The few spots beyond Gardner are what I really want to discuss. This is my ideal top of the lineup right now, given the available personnel:
- LF Brett Gardner
- CF Aaron Hicks
- RF Aaron Judge
The three outfielders, left to right. Gary Sanchez has been hitting second most of the season and I am totally cool with that. It works for me. Sanchez has looked a little jumpy at the plate the last few days, but I’m not worried. Hitters go through their ups and downs. Sanchez is one of the team’s best hitters, so by all means, hit him second. Josh Donaldson and Kris Bryant won MVPs hitting second in recent years. Power hitters can hit there too.
That said, I like Hicks hitting second over Sanchez right now because, well, Hicks has been the better hitter this season. The better overall hitter and, more importantly, the better on-base threat. Hicks has a .426 OBP this year. Sanchez has a .356 OBP. That’s still good! But it’s not .426. Batting Hicks second means more runners on base for Judge, who has inarguably been the Yankees’ best hitter this season.
Judge started the season hitting lower in the lineup and understandably so, but he’s forced his way up, and now he is in entrenched as the No. 5 hitter. Moving Judge up even further to the No. 3 spot means more at-bats. More at-bats over the course of the season, and a better chance to get Judge that one extra at-bat in an individual game. Through 48 team games the No. 3 spot has 14 more plate appearances than the No. 5 spot for the Yankees. That’s 14 more times Judge would have come to the plate in the late innings. It’s not nothing!
We’re not splitting atoms here. Hicks (.426), Judge (.419), and Gardner (.363) have the three highest OBPs on the Yankees. They make fewer outs than anyone else. Judge is also one of the game’s top power threats. Batting Gardner and Hicks first and second is, by far, the best way to get men on base for Judge. Batting these three atop the lineup also means they get the most at-bats, therefore giving the Yankees more chances to score.
Going with Gardner-Hicks-Judge atop the lineup and Headley-Carter at the bottom leaves you Sanchez, Starlin Castro, Matt Holliday, and Didi Gregorius for the 4-5-6-7 spots. What’s the best way to order them? I’m not sure there’s a wrong answer. I’d prefer hitting Sanchez fourth because I think he’s most likely to be an impact bat the rest of the season, but if you said the same thing about Castro or Holliday, I wouldn’t argue (much).
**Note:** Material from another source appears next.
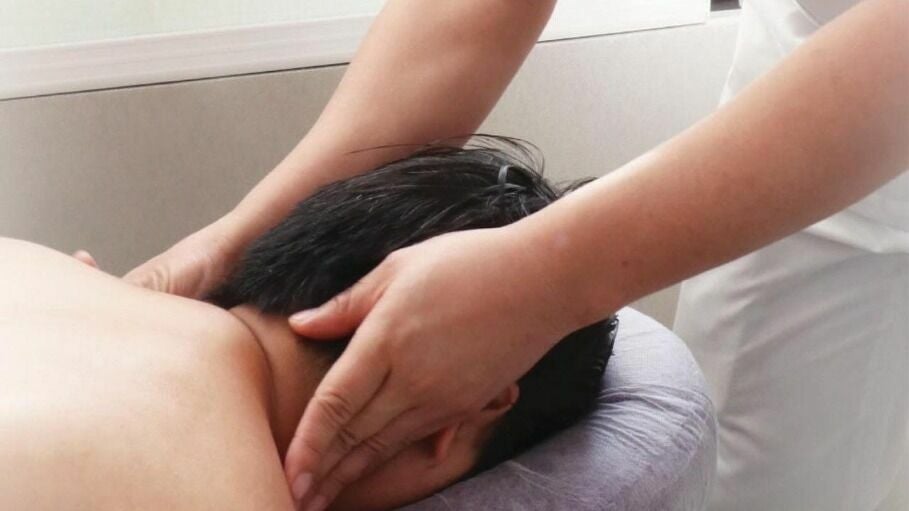 In-Home Service Men I خدمات منزلية للرجال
The important thing, as far as I’m concerned, is getting Judge more at-bats because because the guy is a monster, and the more he plays, the better the Yankees’ chances to win. Jacoby Ellsbury’s concussion — Girardi said yesterday Ellsbury is still experiencing headaches, so he remains shut down indefinitely — ensures Hicks will be in the lineup everyday, and as long as he’s hitting like this, Hicks is the perfect No. 2 hitter. On-base ability, power, speed, switch-hitter, the whole nine. Perfect.
The lineup almost seems to write itself from there. Gardner leads off, Hicks hits second, Judge hits third. Your two best on-base players and your most devastating hitter. Sanchez, Holliday, Castro, and Gregorius add quality lineup depth through the No. 7 spot too. I get why Girardi hits Sanchez second, Holliday third, and Castro fourth. I do. But nearly 50 games into the season, it’s the clear the more Aaron Judge hits with men on base, the better. The lineup should be built in such a way that maximizes those opportunities.